Effect of Somatostatin on Determinants of Bile Flow in Unanesthetized Dogs

Seven dogs each underwent cholecystectomy, ligation of the accessory pancreatic duct, and insertion of a Thomas duodenal cannula opposite the ampulla of Vater. After full recovery, bile secretions were studied in the unanesthetized dogs by opening the cannula and placing a ureteric catheter through the papilla into the common bile duct. All animals received, throughout study, constant infusions of taurocholic acid to replace losses caused by interruption of the enterohepatic circulation and 14 C-erythritol for measurement of erythritol clearance. After bile flow stabilized somatostatin 800 ng/kg/minute was infused for 100 minutes and bile flow declined from 3.0 +/- 0.7 ml/10 minutes (SD) to 1.19 +/- 0.47 ml/10 minutes (p less than 0.001) and 14C-erythritol clearance fell from 3.6 +/- 1.14 to 1.77 +/- 0.43 ml/10 minutes (p less than 0.001).
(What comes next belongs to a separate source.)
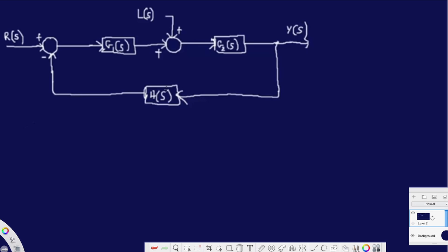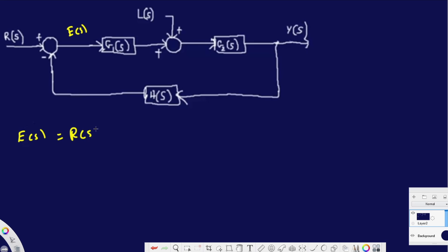Whenever we have a system like this, we are going to go the long way — derive the equation and then find the final answer. It's easiest to start from the error, so I put E(s) here. The equation for error for this system can be derived as: E(s) = R(s) minus H(s) times Y(s).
Bile salt output was unchanged, indicating that somatostatin inhibited bile salt-independent canalicular flow (BSICF). In other experiments animals underwent intraduodenal acidification which resulted in a marked increase in bile flow. Somatostatin infusion again causes a sharp fall in bile flow (p less than 0.05) suggesting that somatostatin also inhibited ductular flow. Infusion of somatostatin did not inhibit choleresis produced by exogenous secretin administration. Thus, somatostatin inhibits 1) ductular flow by inhibiting secretin release and 2) BSICF by a direct effect or by decreasing the release of hormones which induce canalicular flow.